The culprit, as identified by users on social networks and some town councilors, is Luray, Virginia, Mayor Barry Presgraves, whose Facebook joke suggested that Aunt Jemima was leaving the pancake business to join Joe Biden's Presidential campaign.
Posting on Facebook Presgraves wrote, “Joe Biden just announced Aunt Jemima as his VP pick.”
Whether Presgraves meant to be funny when he in this way commented on the possibility of Biden making a black woman his running mate in the November presidential election remains to be clarified – because the mayor seems to have been forced into hiding after facing an avalanche of criticism online, including calls for his resignation.
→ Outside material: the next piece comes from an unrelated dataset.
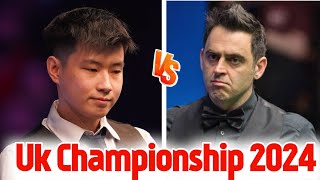 Ronnie osullivan vs Zhao Xintong Final 2024 champion of championship [upl. by Aziza]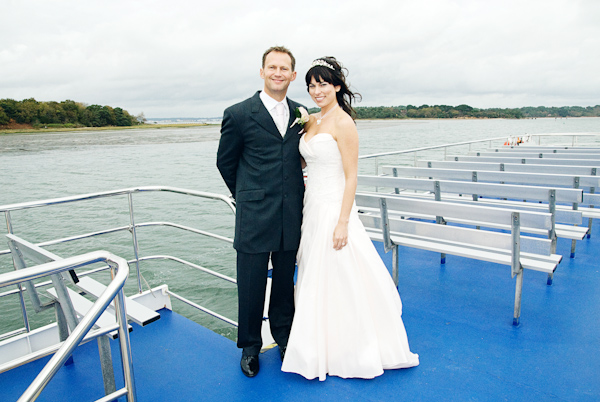 Wedding Ceremony Poole Harbour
The post has been deleted, and the mayor is currently unavailable for comment.
Given Biden's age and cognitive ability, which is suspected by many to be questionable, it's hardly surprising that his choice of candidate for vice president is garnering a huge amount of interest and commentary – but the way the mayor of this small Virginia town has expressed it has been “ruled” impermissible.
Luray Council member Jerry Dofflemyer is the one who described himself as “saddened, disappointed and shocked” by Presgraves' post.
Another councilor, Jerry Schiro, said that all “racial” comments are now inappropriate in America, because of “the heightened sensitivity to racism.” He also made sure to distanced himself and the council from the mayor, no doubt aware of the rise of social media-driven cancel culture, even over bad jokes.
Council member Joseph Sours, however, would like to give Presgraves another chance – once the mayor has apologized.